> **Task input**
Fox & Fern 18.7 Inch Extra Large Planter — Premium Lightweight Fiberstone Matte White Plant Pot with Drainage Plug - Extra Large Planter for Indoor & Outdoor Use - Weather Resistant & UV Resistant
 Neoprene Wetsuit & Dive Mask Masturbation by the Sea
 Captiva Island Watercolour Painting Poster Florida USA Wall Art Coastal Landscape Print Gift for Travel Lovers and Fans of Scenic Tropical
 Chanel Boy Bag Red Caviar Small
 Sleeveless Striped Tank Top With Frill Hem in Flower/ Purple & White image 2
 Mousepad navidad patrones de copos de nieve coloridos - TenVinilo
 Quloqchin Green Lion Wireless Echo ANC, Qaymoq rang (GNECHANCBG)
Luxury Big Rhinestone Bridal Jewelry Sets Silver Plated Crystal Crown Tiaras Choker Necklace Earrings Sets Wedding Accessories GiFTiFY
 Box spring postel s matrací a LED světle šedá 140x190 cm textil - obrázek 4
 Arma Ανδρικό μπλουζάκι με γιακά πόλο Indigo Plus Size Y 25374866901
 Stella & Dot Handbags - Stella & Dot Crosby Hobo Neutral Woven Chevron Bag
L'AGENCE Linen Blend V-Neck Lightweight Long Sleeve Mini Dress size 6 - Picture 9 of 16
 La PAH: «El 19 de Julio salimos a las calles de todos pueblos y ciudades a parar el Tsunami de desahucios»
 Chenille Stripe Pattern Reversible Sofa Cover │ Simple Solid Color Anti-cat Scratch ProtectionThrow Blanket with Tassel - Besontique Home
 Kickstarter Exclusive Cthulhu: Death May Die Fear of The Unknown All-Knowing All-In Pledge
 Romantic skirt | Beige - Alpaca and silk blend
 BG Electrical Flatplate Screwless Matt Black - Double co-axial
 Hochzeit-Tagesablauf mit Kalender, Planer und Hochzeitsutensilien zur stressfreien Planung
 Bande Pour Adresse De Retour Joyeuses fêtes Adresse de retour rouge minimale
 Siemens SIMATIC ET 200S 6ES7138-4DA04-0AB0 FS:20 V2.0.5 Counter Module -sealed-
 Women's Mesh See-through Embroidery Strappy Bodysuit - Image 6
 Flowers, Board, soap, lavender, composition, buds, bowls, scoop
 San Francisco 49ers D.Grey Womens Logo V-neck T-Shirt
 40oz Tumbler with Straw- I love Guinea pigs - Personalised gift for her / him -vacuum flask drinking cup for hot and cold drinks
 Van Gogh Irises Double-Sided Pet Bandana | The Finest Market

> **Action item**
Output every line above so that it reads exactly as before.

> **Exercise response**
Fox & Fern 18.7 Inch Extra Large Planter — Premium Lightweight Fiberstone Matte White Plant Pot with Drainage Plug - Extra Large Planter for Indoor & Outdoor Use - Weather Resistant & UV Resistant
 Neoprene Wetsuit & Dive Mask Masturbation by the Sea
 Captiva Island Watercolour Painting Poster Florida USA Wall Art Coastal Landscape Print Gift for Travel Lovers and Fans of Scenic Tropical
 Chanel Boy Bag Red Caviar Small
 Sleeveless Striped Tank Top With Frill Hem in Flower/ Purple & White image 2
 Mousepad navidad patrones de copos de nieve coloridos - TenVinilo
 Quloqchin Green Lion Wireless Echo ANC, Qaymoq rang (GNECHANCBG)
Luxury Big Rhinestone Bridal Jewelry Sets Silver Plated Crystal Crown Tiaras Choker Necklace Earrings Sets Wedding Accessories GiFTiFY
 Box spring postel s matrací a LED světle šedá 140x190 cm textil - obrázek 4
 Arma Ανδρικό μπλουζάκι με γιακά πόλο Indigo Plus Size Y 25374866901
 Stella & Dot Handbags - Stella & Dot Crosby Hobo Neutral Woven Chevron Bag
L'AGENCE Linen Blend V-Neck Lightweight Long Sleeve Mini Dress size 6 - Picture 9 of 16
 La PAH: «El 19 de Julio salimos a las calles de todos pueblos y ciudades a parar el Tsunami de desahucios»
 Chenille Stripe Pattern Reversible Sofa Cover │ Simple Solid Color Anti-cat Scratch ProtectionThrow Blanket with Tassel - Besontique Home
 Kickstarter Exclusive Cthulhu: Death May Die Fear of The Unknown All-Knowing All-In Pledge
 Romantic skirt | Beige - Alpaca and silk blend
 BG Electrical Flatplate Screwless Matt Black - Double co-axial
 Hochzeit-Tagesablauf mit Kalender, Planer und Hochzeitsutensilien zur stressfreien Planung
 Bande Pour Adresse De Retour Joyeuses fêtes Adresse de retour rouge minimale
 Siemens SIMATIC ET 200S 6ES7138-4DA04-0AB0 FS:20 V2.0.5 Counter Module -sealed-
 Women's Mesh See-through Embroidery Strappy Bodysuit - Image 6
 Flowers, Board, soap, lavender, composition, buds, bowls, scoop
 San Francisco 49ers D.Grey Womens Logo V-neck T-Shirt
 40oz Tumbler with Straw- I love Guinea pigs - Personalised gift for her / him -vacuum flask drinking cup for hot and cold drinks
 Van Gogh Irises Double-Sided Pet Bandana | The Finest Market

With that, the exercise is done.